■ Exercise requirements ■
Produce an exact transcription of the data, with the images left out.

■ Collected data ■
----

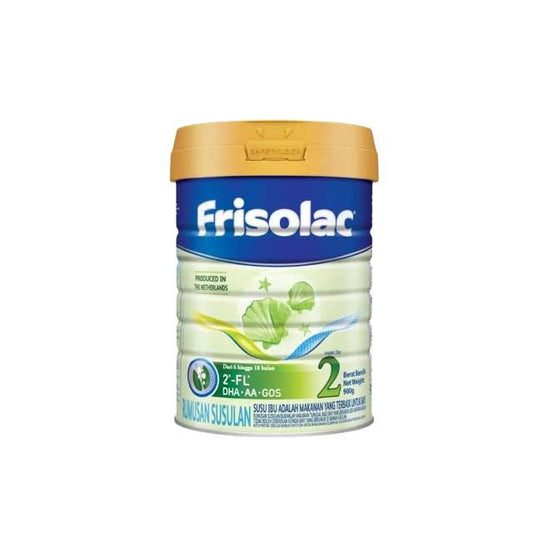 FRISOLAC STEP 2 900G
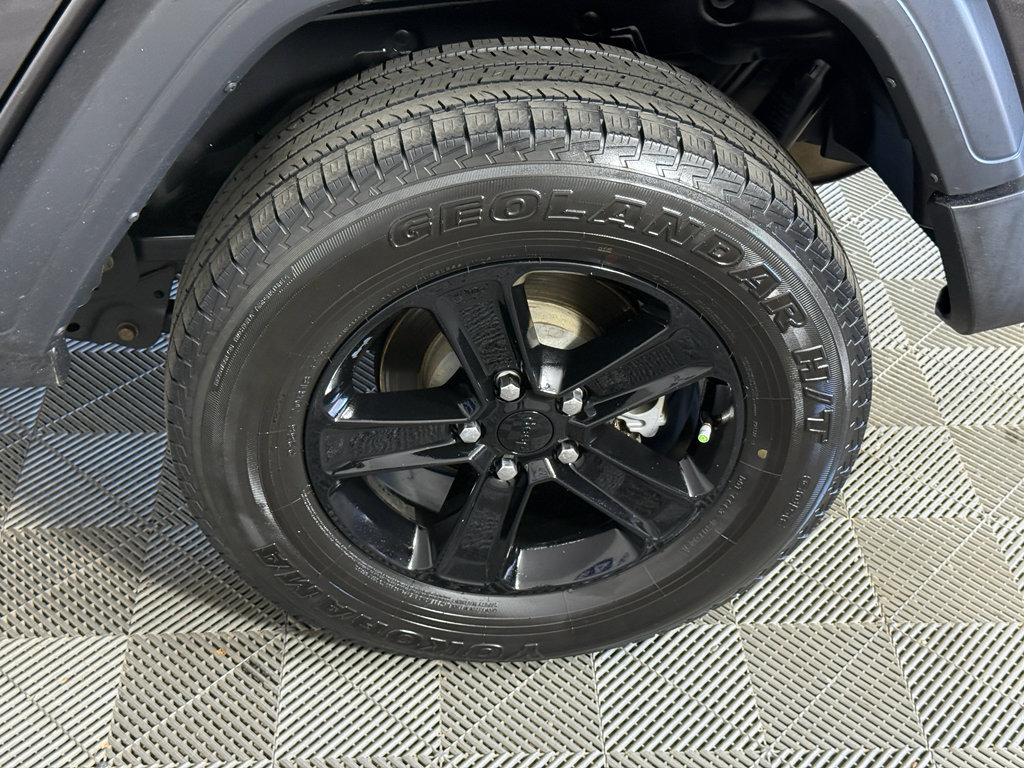 Used 2020 Jeep Wrangler Unlimited Sport image 8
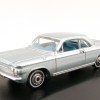 OXFORD 87CH63001 Chevrolet Corvair Coupe 1963 Satin Silver 1:87 Scale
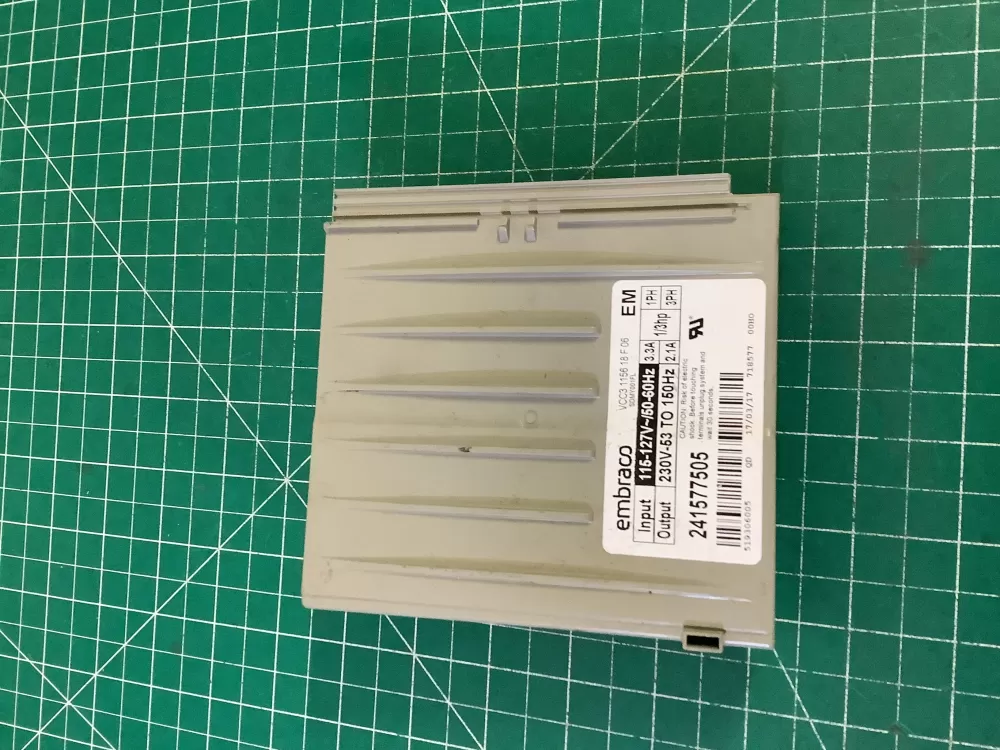  241577505  519306005 Refrigerator Inverter Board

----

■ Solution to the problem ■
 FRISOLAC STEP 2 900G
 Used 2020 Jeep Wrangler Unlimited Sport image 8
 OXFORD 87CH63001 Chevrolet Corvair Coupe 1963 Satin Silver 1:87 Scale
  241577505  519306005 Refrigerator Inverter Board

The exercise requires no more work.